Everyone has that inner voice that tells us what we think. That inner critic. But what if that inner voice is somehow broken? Our inner voice can be our greatest enemy.
I feel that way about my inner voice. So much so that I have medication to quiet her up. But does she need to be silent? I often ponder this. Do I need prescriptions to quiet her up? Am I doing myself more harm than good? What if I try again to see if she can use her voice again? I mean, this voice is me, right? Is this voice my authentic self? Am I silencing myself while being medicated?

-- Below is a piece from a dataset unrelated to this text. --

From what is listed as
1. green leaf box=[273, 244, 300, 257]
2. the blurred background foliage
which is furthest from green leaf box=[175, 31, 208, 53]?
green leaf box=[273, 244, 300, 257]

For a few weeks, I have gotten to view the answers to some of these questions. The place where I get my therapy and medication has been going through some problems. It still is, but my prescription is now taken care of. So for two weeks, about a month ago, I have thought about my inner voice and letting it speak. So, does she need to be quiet? In some sense, she does. She is quite a sassy one. Sarcastic and sometimes mean. Not that I mean to be brash. I have less patience when I’m not on my medication. And overall, I feel awful. Negative and depressed. This is funny cause I never thought my medication was all that important. It is supposed to be for my anxiety, yet it seems to be doing much more for me.
Now, as my ADHD comes into play, I lose track of what I’m trying to say. I do feel like I can be more of myself on my medication. I can be happy and at peace. Am I silencing myself? Sometimes, but my facial expressions usually give me away.